(WHAT YOU WILL DO):
Copy only what lies from the line containing "Marsh plants begin" through the line containing "If we look at" in the entries below, keeping both end lines exact and dropping every picture.

*** Begin section ***

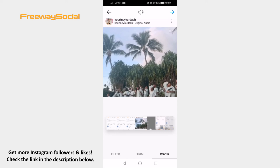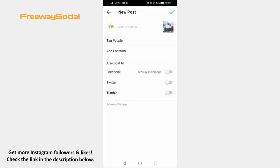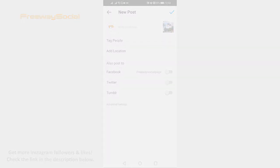After you pick the thumbnail cover, click on the arrow icon at the top right corner and post your video as you usually do. That's it for this video. I hope this guide was helpful and you were able to change your Instagram video thumbnail. Don't forget to like this video and visit us at FreewaySocial.com.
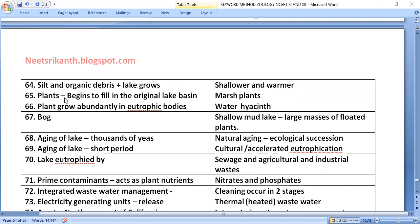Marsh plants begin to fill in the original lake basin. Water hyacinth (Eichhornia crassipes) grows abundantly in eutrophic water bodies. Eventually the lake becomes a bog — a shallow mud lake with large masses of floating plants.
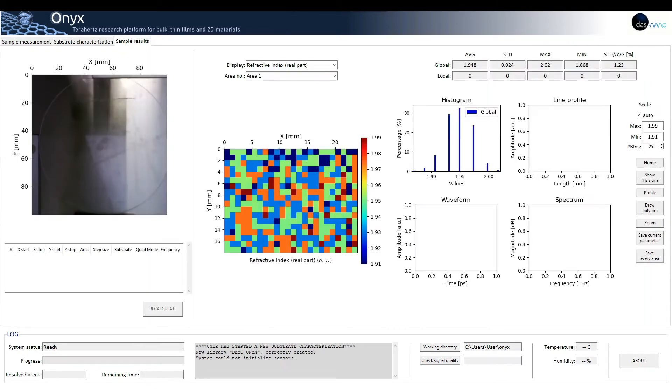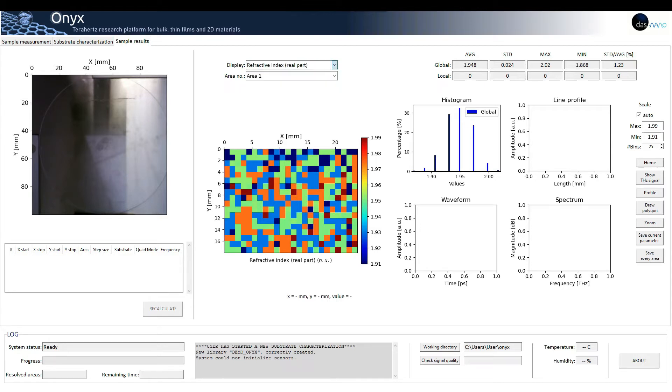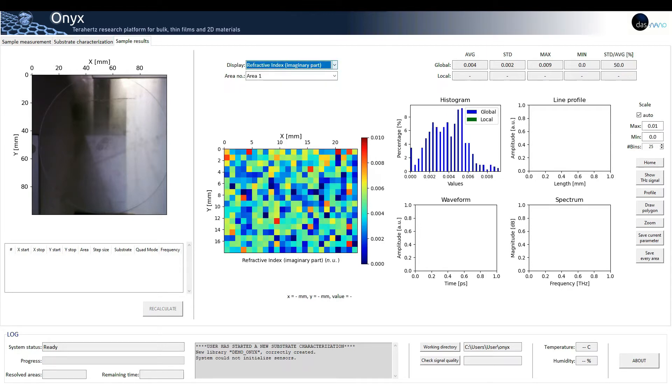In addition to this, the third tab, sample results, will also appear, so the user can analyze the substrate refractive index and the electric constant more in detail.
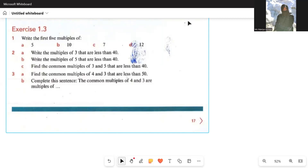As-salamu alaykum dear students, how are you? I hope you'll be fine. Cambridge Secondary Mathematics, Learners Book 7, Chapter number 1, Integers, Exercise 1.3. Now we've talked about addition, subtraction, multiplication and division of integers.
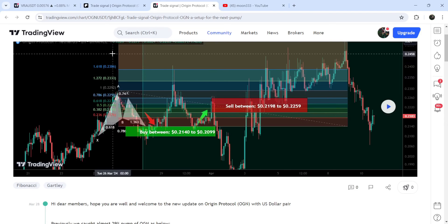If we look at the previous history of this support and resistance zone, you can see that previously it had been working as resistance here, then support here, again as support, and after the breakdown it was flipped into resistance. After breaking out the wedge, the price also broke out this resistance zone and then we had a powerful pump. Now for the past several days it is working as a nice support.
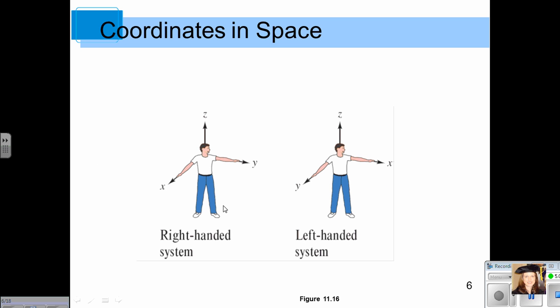We will typically use this right-handed system as illustrated on the previous page. Think about standing up and pointing your right hand out — that right hand is the positive x-axis, your left hand pointing out is your positive y-axis, and a line going vertically straight out your head would be the positive z-axis. There are some books and resources that use a left-handed system, although we won't typically be using that in this class. In a left-handed system, your left hand would denote the positive x-axis.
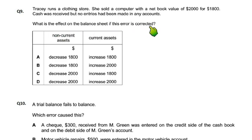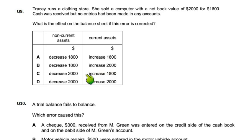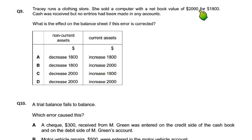When we correct the error of the account, we will decrease the asset by $2,000. But how much was it sold for? $1,800. So the bank will increase by $1,800.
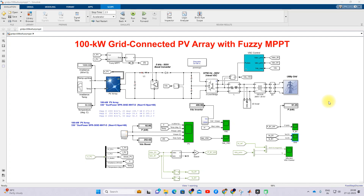Hi viewers, welcome to Alamo Solution. Today we are going to see about the 100 kilowatt grid-connected PV array system with Fuzzy-MPPT and P&O-MPPT. We are going to compare the result of P&O-MPPT with Fuzzy-MPPT in a grid-connected PV system. This is the simulation model we created for that comparison.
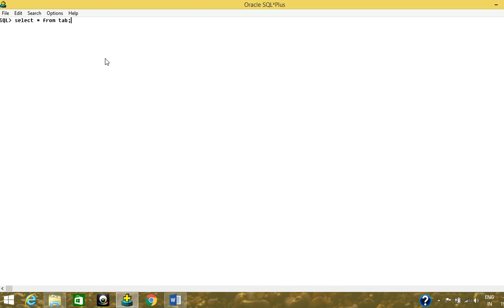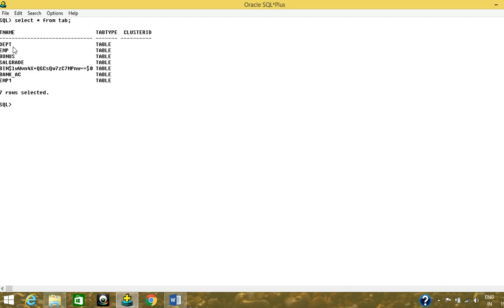The star means 'all', so it will show all the tables present in this server. Let's see how many tables are present — there are four inbuilt tables: DEPT (department), EMP (employee), BONUS, SALGRADE. The other three listed are tables I created myself. When you install Oracle, you will see only those four inbuilt tables.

*** End section ***

(WRITTEN SOLUTION):
Marsh plants begin to fill in the original lake basin. Water hyacinth (Eichhornia crassipes) grows abundantly in eutrophic water bodies. Eventually the lake becomes a bog — a shallow mud lake with large masses of floating plants.
In addition to this, the third tab, sample results, will also appear, so the user can analyze the substrate refractive index and the electric constant more in detail.
As-salamu alaykum dear students, how are you? I hope you'll be fine. Cambridge Secondary Mathematics, Learners Book 7, Chapter number 1, Integers, Exercise 1.3. Now we've talked about addition, subtraction, multiplication and division of integers.
If we look at the previous history of this support and resistance zone, you can see that previously it had been working as resistance here, then support here, again as support, and after the breakdown it was flipped into resistance. After breaking out the wedge, the price also broke out this resistance zone and then we had a powerful pump. Now for the past several days it is working as a nice support.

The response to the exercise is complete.